Working at an airport is unlike working elsewhere. There are federally based rules and regulations governing so many areas: safety and security, airfield vehicular movement, and safety management systems, just to name a few. When employee issues arise, our team members’ extensive familiarity with the legal minefield of the airport environment enables them to immediately provide valuable, insightful, and practical advice. We represent airports in all employee-based matters ranging from how to address employee performance issues related to on-airfield incidents to defending airports in federal employment cases (in both federal courts and agencies).
Airports are also uniquely situated in that labor organizations and other stakeholders have an interest in employee welfare matters. Whether it is union organizing activity, informational picketing, or attempts to alter the means and methods by which unions may gain status as an authorized bargaining representative, our labor law experience allows us to guide airports through challenging times.
In recent years, several new labor/employment issues have become of particular interest to airports and the municipalities in which the airport operates, including “labor harmony” or “labor peace” agreements and prevailing/living wage legislation. We counsel airports in all of these areas and successfully negotiate a multitude of unique solutions to the complex, difficult issues facing airports today.

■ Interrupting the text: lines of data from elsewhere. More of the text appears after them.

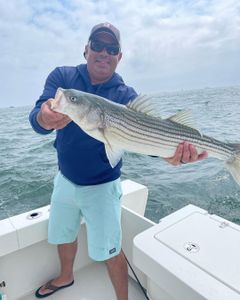 Striped bass caught by person in Keansburg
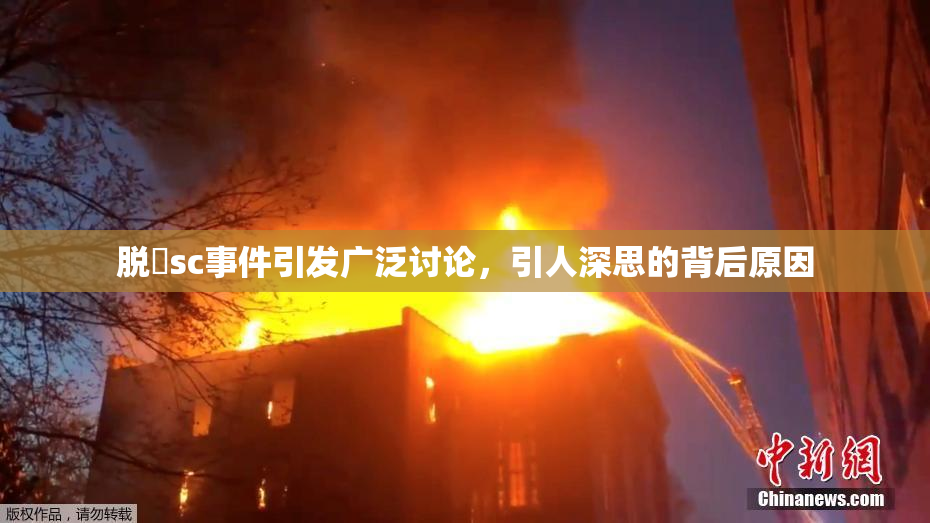 脱糞sc事件引发广泛讨论，引人深思的背后原因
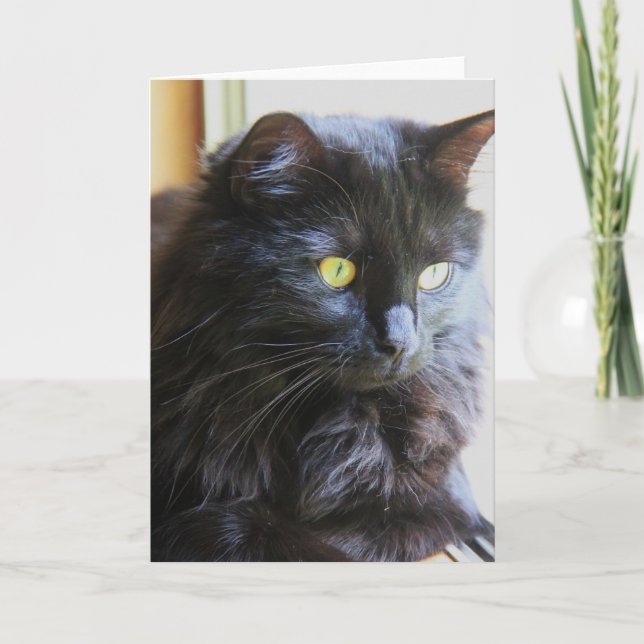Black Cat Note Card, blank inside Card (Front)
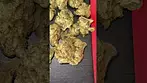 4C LABS PUP-S 22/1 Pucker Up Smalls Medical Cannabis Flower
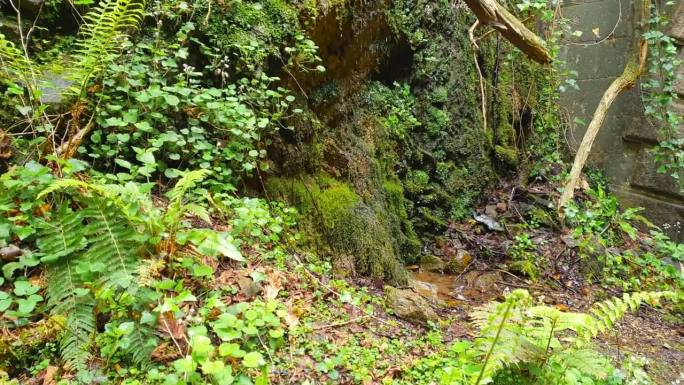 石墙上长满了茂盛的植物，树叶间流淌着水滴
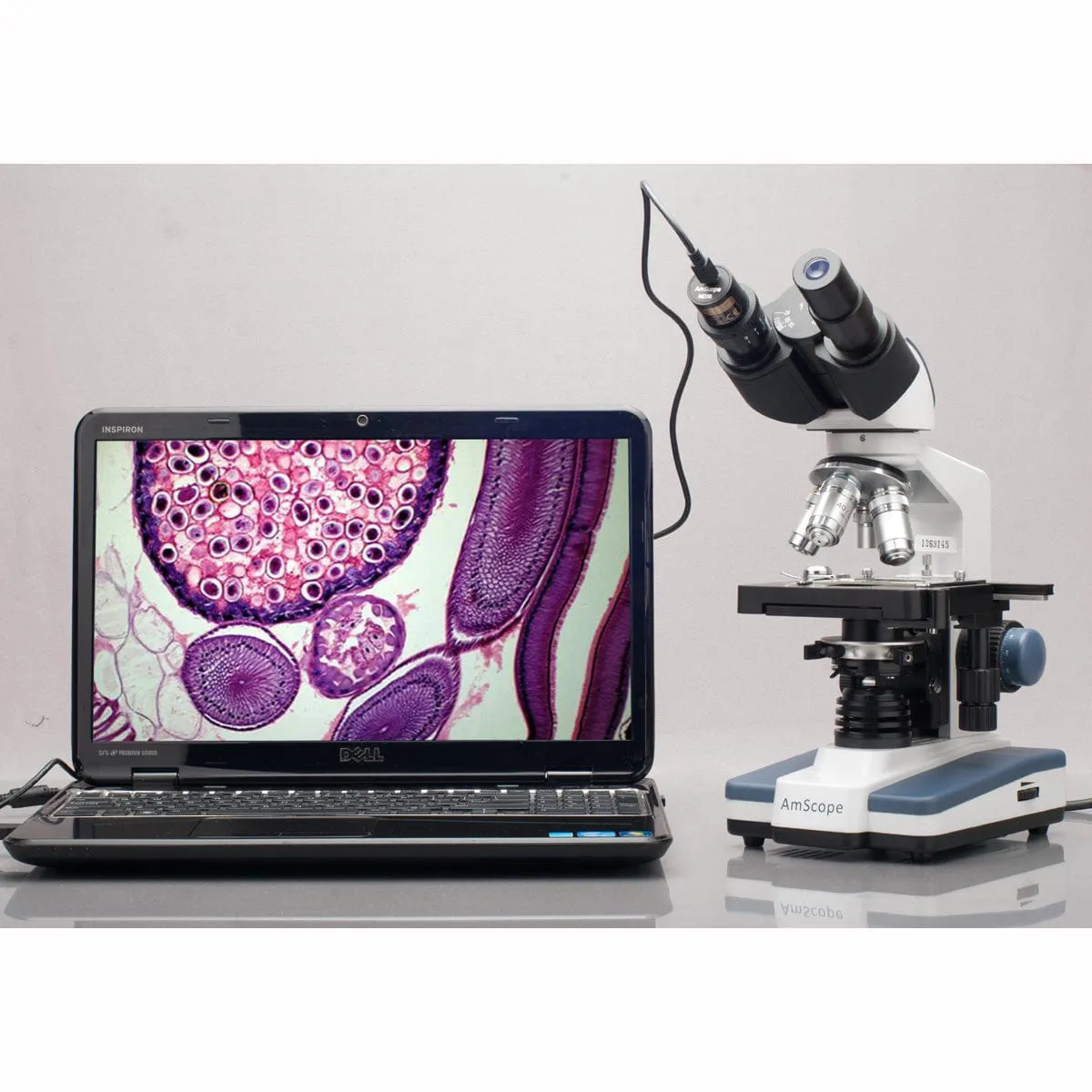 AmScope MD Series 0.3MP USB 2.0 Color CMOS Digital Eyepiece Microscope Camera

The historical importance of the rail industry over the last century has resulted in a system of laws and protective arrangements for the benefit of rail employees—a system that was designed specifically to ensure uniform treatment of employees across the country and to provide incentives for the employees to continue working without interruption to address economic disputes. The “employee protective arrangements” that grew up in the railroad industry became part of the landscape of the transit industry along with the inclusion of Section 13(c) in the Urban Mass Transportation Act of 1965, now the Federal Transit Act. Our experience in serving both the freight and passenger sides of the industry allows us to offer clients a full range of services to address issues under the Railway Labor Act, the Railroad Retirement Act, and the labor protective arrangements imposed under the Section 13(c) and the statutory and regulatory requirements of the Surface Transportation Board (STB).
This expertise enables us to assist our transit-industry clients in navigating the often unfamiliar world of rail labor arrangements and the laws that govern them when the agencies enter negotiations with rail carriers for acquisition of corridors. With these acquisitions come the requirement of interacting with the rail industry unions and the unique laws that govern their relationships with the rail carriers. At the same time, addressing the protections available under Section 13(c) and the protective arrangements included in collective bargaining agreements or mandated by the STB to employees who are currently working on the lines or in the facilities to be acquired, requires careful attention to the structure of the transaction and to the acquiring agency’s rights or obligations as the new owner or operator.
The attorneys of Kaplan Kirsch & Rockwell are uniquely qualified to guide clients through the multifaceted challenges of these acquisitions and avoid the many potential pitfalls. We advise clients on how to structure their transactions to address these requirements, including Section 13(c) or Railroad Retirement obligations, without incurring costs and hiring mandates that are not required by applicable laws.